My noble friend makes a very important point. It is a separate point but it is obviously clearly related. If you allow someone to do something or if you provide a purely permissive criterion—what I would call the lack of a prohibition; that is all it is—the question is whether they will have the slightest motivation in the first place to use that permissive ability that they have been granted. As my noble friend says, there is no suggestion at all in the Bill that these matters should be given any consideration or value whatever.
It is perfectly true that, until now, historically the Boundary Commission has in practice tried to respect local government boundaries and county boundaries in almost all cases, although I gather from our earlier debate this evening that there may be some exceptions in respect of ward boundaries, for example. Nevertheless, we are now giving the Boundary Commission new instructions which do not set any explicit value on these things at all. The Bill says, almost reluctantly, “Well, you can take account of these things if you really insist on doing so”. However, as my noble friend said, we then provide other constraints—particularly that of the 5 per cent rule and the requirement to reduce the number of MPs by 50 to 600, which we know will produce a very large number of boundary changes. In practice, that will make it certain that, even if the Boundary Commission is minded to take advantage of its ability under the Bill to consider matters of local boundaries, it will not be able to do so. The commission is receiving no indication whatever from Parliament in the Bill as it currently stands that it might be desirable to retain the tradition which it has long maintained of respecting these boundaries. Therefore, I think that there is all the difference in the world between “may” and “should”, and I congratulate my noble friend on bringing this dilemma to the fore. It is something that we really do need to discuss.
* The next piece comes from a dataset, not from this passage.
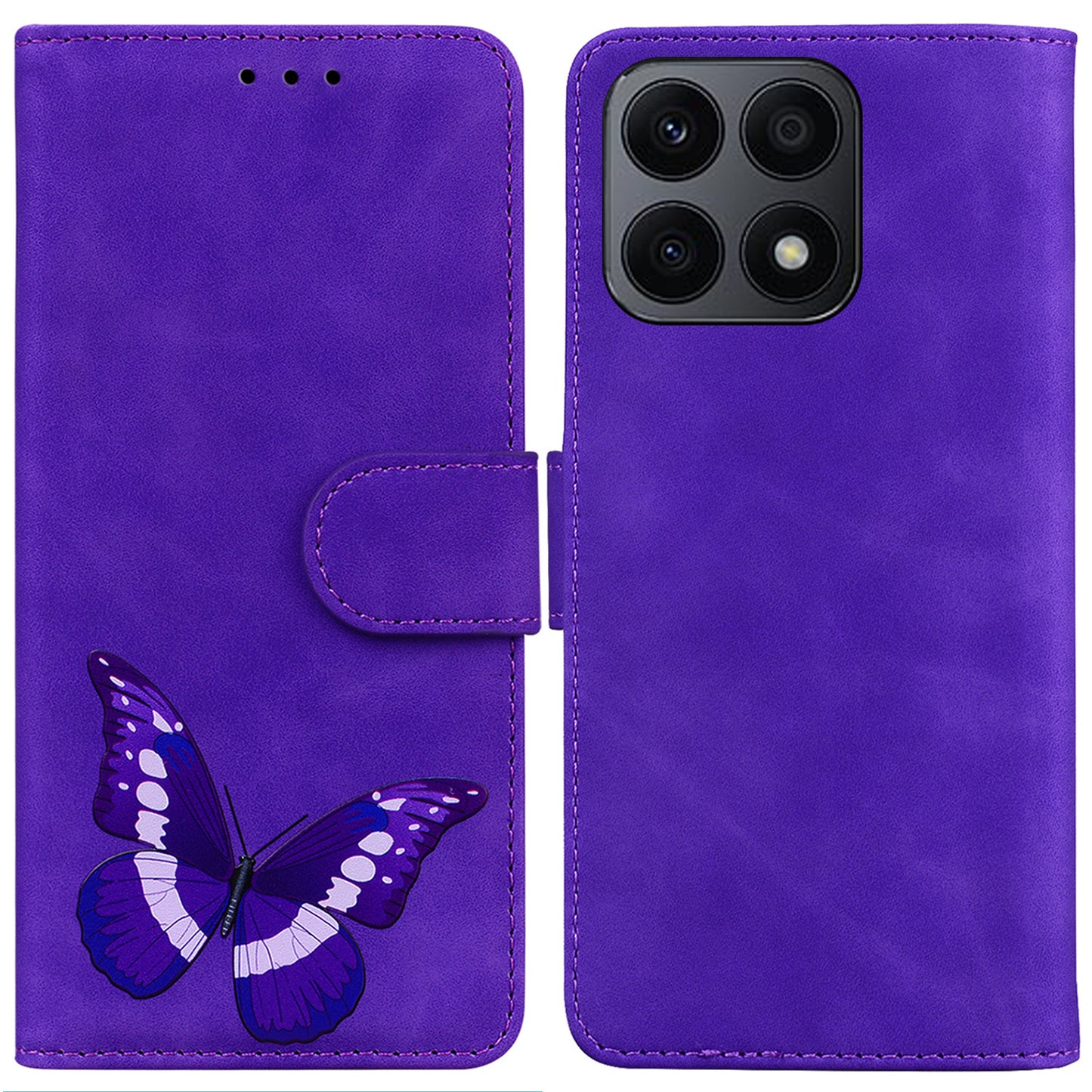For Honor X8a 4G Anti-Fading PU Leather Phone Cover Butterfly Printing Wallet Stand Anti-drop Phone Case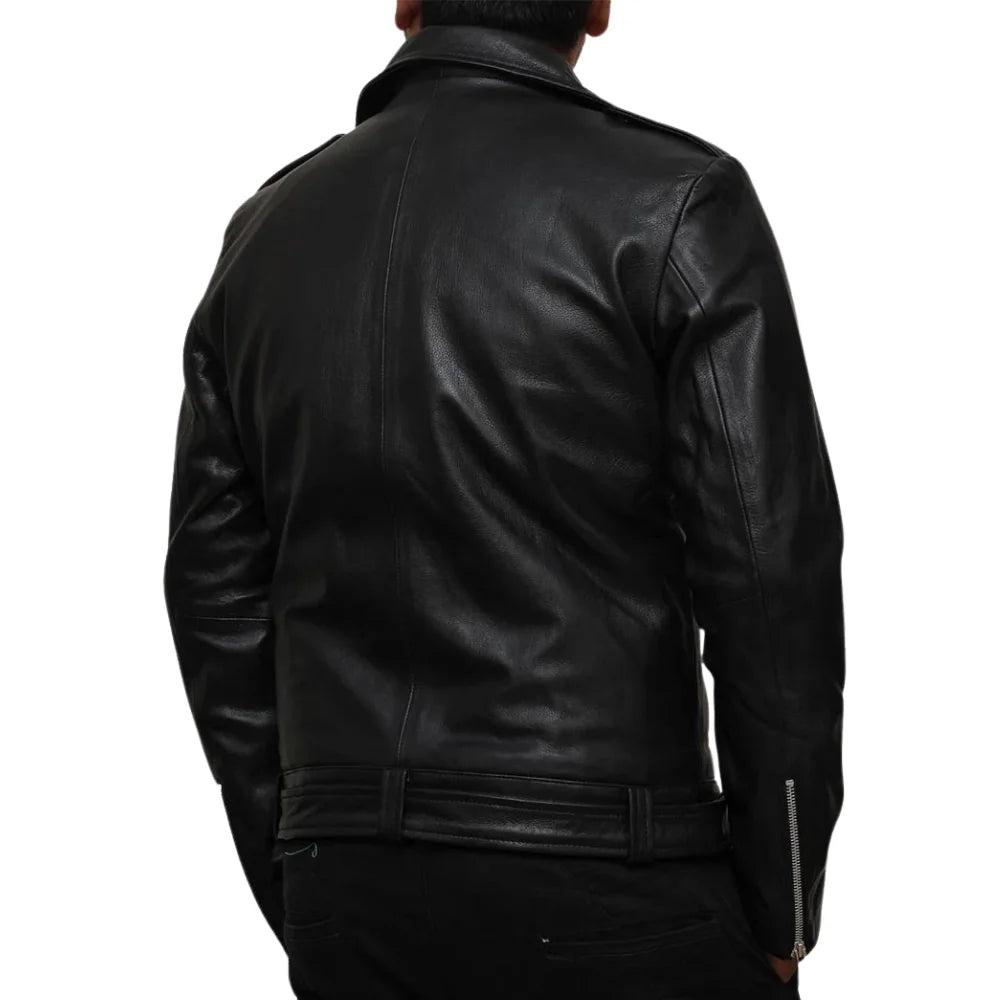 Negan Men's Black Belted Asymmetrical Moto Leather Jacket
We have heard time and again from the Government and elsewhere on the government side that, other things being equal, they believe it is inherently desirable that local boundaries are respected. Can they not, if they wish to do so, come up with different wording which at least reflects the value that they acknowledge we should be attributing to these considerations? Can they not send a signal to the Boundary Commission which says in effect, “If you possibly could, we would be delighted if you were to take account of local boundaries”? Can we not send some signal or instruction to the Boundary Commission saying, “For generations”—ever since 1949, I believe—“you’ve been right to take account of these considerations. Please don’t drop that now. We aren’t trying to tell you that that was wrong. We aren’t trying to tell you that you should go back on that tradition or those values and ignore them. We’re not just giving you a reluctant permission if you really insist on taking account of these things; we would like you to do so if you can somehow manage it”.
That surely is the sense of the message that Parliament wants to send to the Boundary Commission—the sense of the message that has been articulated in different ways from all parts of House, including from the noble Lord, Lord Tyler, who has taken an important part in these debates. Surely the Government cannot really, on reflection, be entirely satisfied with this very negative formulation of “may”. I hope they can accept the proposal of my noble friend that the text should be changed to “should”. If not, can they not find some better way of encapsulating the message which, I am sure, in good faith, they themselves have been delivering to us, not just tonight but throughout our deliberations on this Bill?